History of Oak Alley
The home that is now sought out by tourists from all over the world was once a fully operating sugarcane plantation. After years as a profitable business and family home, the grounds were abandoned and left to the elements. The enormous mansion deteriorated, taken over by the Louisiana wildlife.
Fortunately, this wasn’t the demise of Oak Alley. It was purchased and lovingly restored by the Stewart family in 1925. While they did introduce modern plumbing, they were determined to incorporate modern conveniences while staying true to the plantation’s history: they did a remarkable job of restoring the building, while still maintaining the feel of the Antebellum era.
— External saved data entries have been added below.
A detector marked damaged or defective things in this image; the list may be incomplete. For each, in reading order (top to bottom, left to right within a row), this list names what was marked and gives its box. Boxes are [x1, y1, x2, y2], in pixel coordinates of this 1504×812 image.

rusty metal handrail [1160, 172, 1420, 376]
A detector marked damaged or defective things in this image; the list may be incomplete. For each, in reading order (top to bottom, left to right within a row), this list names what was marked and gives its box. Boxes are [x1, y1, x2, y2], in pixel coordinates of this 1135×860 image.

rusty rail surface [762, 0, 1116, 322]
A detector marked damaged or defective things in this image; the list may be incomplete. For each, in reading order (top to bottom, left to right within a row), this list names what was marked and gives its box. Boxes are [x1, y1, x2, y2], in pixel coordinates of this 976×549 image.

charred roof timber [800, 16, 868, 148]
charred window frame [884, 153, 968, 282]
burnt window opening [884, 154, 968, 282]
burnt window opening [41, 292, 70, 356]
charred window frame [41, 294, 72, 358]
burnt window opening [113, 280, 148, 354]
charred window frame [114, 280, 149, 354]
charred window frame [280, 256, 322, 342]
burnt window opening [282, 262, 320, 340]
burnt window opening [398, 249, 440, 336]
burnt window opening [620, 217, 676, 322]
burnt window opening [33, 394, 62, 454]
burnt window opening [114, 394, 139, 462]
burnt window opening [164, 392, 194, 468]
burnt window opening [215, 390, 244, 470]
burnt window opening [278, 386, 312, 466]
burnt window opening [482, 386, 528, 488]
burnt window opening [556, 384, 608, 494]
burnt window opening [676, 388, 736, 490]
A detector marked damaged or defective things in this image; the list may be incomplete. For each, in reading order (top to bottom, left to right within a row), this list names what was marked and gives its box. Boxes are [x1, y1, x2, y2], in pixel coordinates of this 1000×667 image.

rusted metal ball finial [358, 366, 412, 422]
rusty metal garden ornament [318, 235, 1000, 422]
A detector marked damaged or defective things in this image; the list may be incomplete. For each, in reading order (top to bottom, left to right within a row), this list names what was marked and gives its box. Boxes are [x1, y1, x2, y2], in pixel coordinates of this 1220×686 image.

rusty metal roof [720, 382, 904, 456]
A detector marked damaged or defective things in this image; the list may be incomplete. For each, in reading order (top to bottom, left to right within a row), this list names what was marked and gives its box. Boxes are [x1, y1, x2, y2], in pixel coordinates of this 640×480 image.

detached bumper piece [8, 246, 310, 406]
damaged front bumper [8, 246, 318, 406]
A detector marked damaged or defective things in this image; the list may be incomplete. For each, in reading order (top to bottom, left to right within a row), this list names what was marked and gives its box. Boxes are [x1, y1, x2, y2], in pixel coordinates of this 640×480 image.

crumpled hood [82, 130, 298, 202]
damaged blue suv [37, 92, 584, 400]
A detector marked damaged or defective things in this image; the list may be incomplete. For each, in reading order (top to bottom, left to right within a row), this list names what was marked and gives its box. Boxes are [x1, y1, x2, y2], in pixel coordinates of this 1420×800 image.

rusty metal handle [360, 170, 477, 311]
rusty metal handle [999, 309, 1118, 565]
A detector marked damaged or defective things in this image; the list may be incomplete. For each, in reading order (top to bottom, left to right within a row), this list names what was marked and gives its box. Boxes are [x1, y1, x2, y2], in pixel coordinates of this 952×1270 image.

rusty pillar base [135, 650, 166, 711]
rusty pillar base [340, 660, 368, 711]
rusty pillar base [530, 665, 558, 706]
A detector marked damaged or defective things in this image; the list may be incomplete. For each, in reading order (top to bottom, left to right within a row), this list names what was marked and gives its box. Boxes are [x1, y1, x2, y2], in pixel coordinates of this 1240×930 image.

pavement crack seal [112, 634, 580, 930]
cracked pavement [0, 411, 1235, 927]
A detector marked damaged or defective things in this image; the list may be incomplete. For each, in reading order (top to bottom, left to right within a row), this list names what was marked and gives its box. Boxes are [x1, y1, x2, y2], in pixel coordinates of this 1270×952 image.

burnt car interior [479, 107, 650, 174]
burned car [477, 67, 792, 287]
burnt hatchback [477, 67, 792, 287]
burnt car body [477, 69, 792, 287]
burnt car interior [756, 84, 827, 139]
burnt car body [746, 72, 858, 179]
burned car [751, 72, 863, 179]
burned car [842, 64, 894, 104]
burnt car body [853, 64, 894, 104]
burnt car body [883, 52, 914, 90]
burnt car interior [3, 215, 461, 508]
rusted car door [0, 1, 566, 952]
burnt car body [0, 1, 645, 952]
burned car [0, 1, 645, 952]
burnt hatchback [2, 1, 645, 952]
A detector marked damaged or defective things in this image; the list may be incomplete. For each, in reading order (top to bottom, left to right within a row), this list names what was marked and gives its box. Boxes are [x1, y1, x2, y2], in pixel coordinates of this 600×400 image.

After the long process of restoring Oak Alley, the Stewarts knew they couldn’t keep this breathtaking property to themselves forever. They decided to open the plantation to the public as not only a tourist attraction, but an educational experience and example of Southern life in the Antebellum era. For those who want the complete Oak Alley experience, cabins on the property can be reserved for overnight stays. They also went on to found the Oak Alley Foundation, a non-profit that helps educate visitors about the history of the plantation and the region.
Visiting the Plantation
While visiting Oak Alley, be sure to enjoy the cafe and restaurant, which offer refreshing drinks, made to order meals, and traditional Southern fare like pralines and gumbo. Oak Alley tour guides will be dressed in traditional period garb to complete the immersive experience. And after you tour the house and snap shots of the famous Oak trees, take a walk through the many exhibits and slave cabins surrounding the house, which offer a more in-depth look at plantation life and the Antebellum era.
Before you leave, pick up a cookbook or souvenir from the expansive gift shop.
You can easily spend a few hours or a full day exploring one of Louisiana’s most sought-out attractions.